> _WHAT THE EXERCISE ASKS_:
Would you please repeat exactly the entries below, starting at the line with "BORDERS ORGULHOSAMENTE CRIADOS" and ending at the line with "樹氷と雪景色 © 資雄 西岡", and nothing outside that range? Leave out the pictures.

> _LISTED RECORDS_:
________________________________________

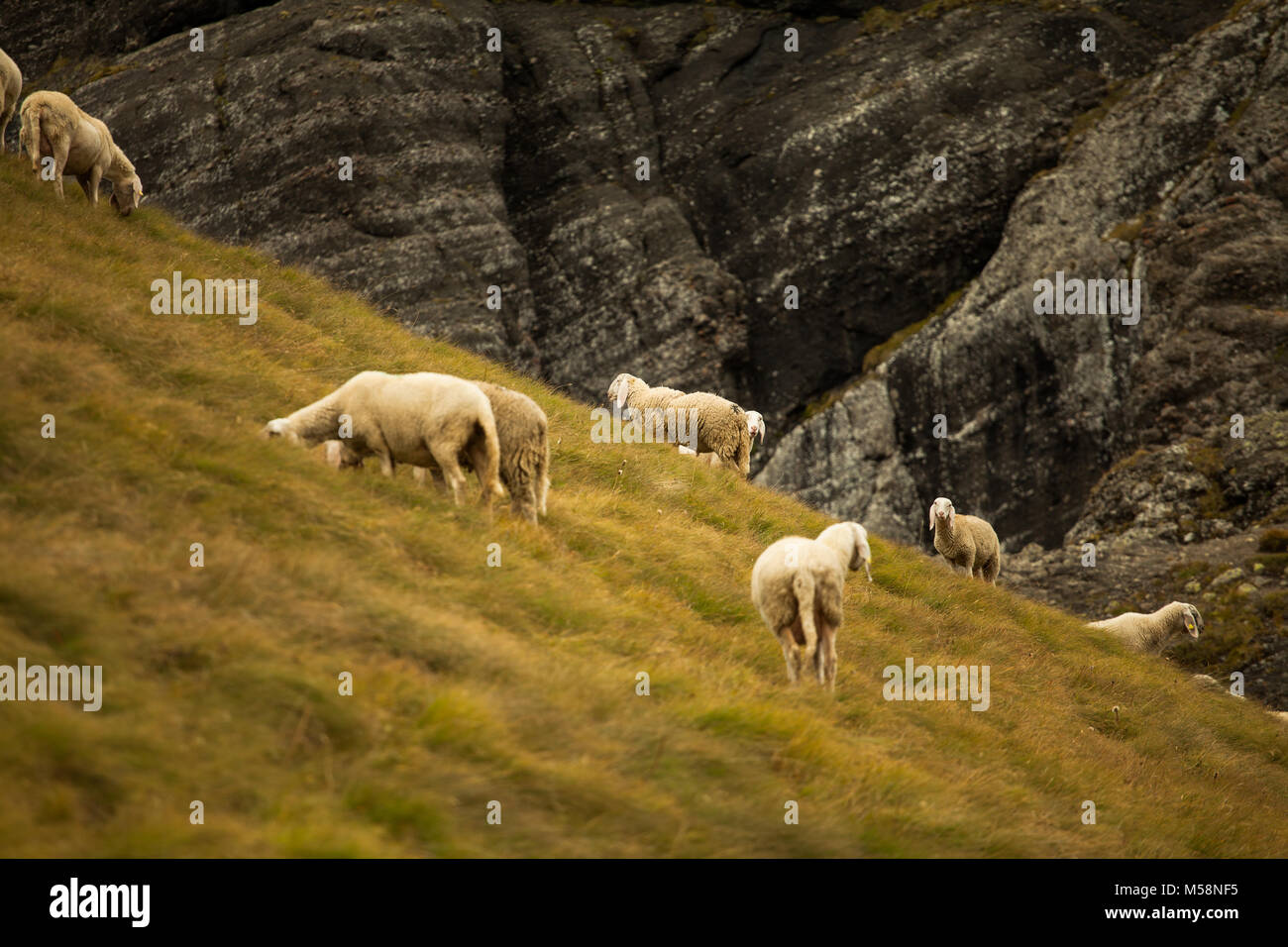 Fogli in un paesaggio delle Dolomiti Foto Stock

________________________________________

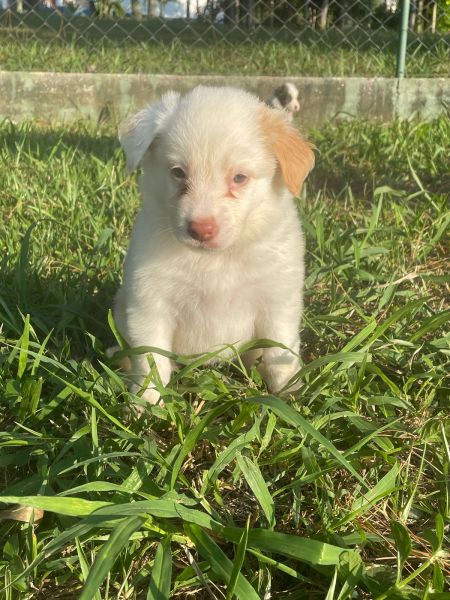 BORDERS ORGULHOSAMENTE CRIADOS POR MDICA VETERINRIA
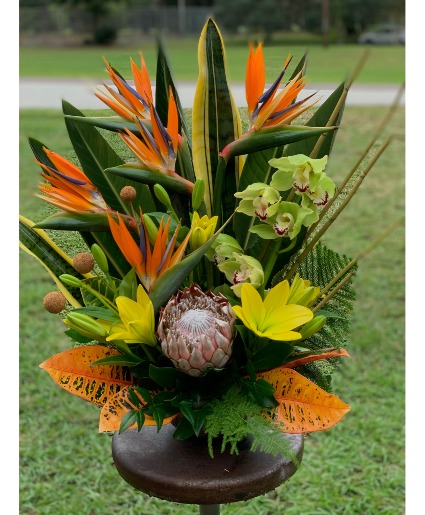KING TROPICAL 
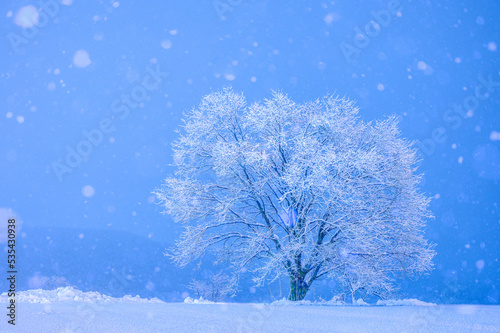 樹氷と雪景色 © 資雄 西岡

________________________________________

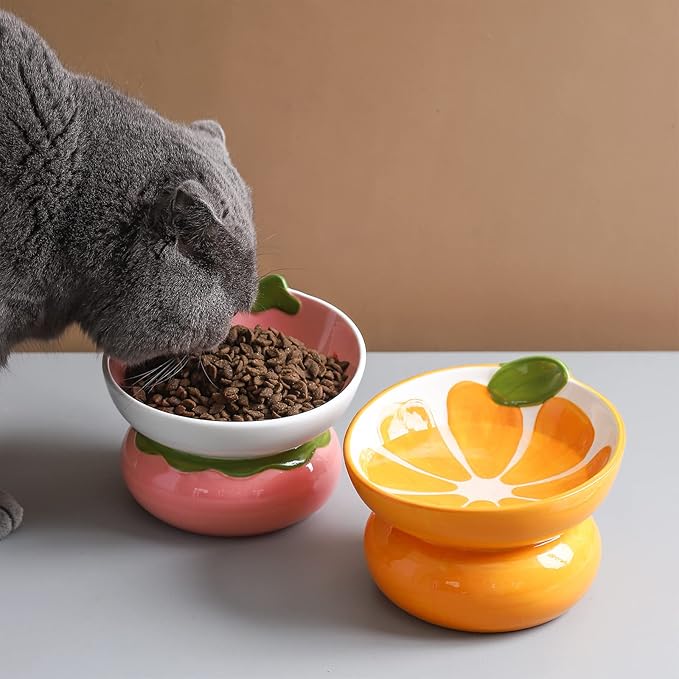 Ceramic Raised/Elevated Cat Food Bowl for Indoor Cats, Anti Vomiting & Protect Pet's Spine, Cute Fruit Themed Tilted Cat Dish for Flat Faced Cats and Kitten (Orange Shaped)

________________________________________

> _SOLUTION_:
 BORDERS ORGULHOSAMENTE CRIADOS POR MDICA VETERINRIA
KING TROPICAL 
 樹氷と雪景色 © 資雄 西岡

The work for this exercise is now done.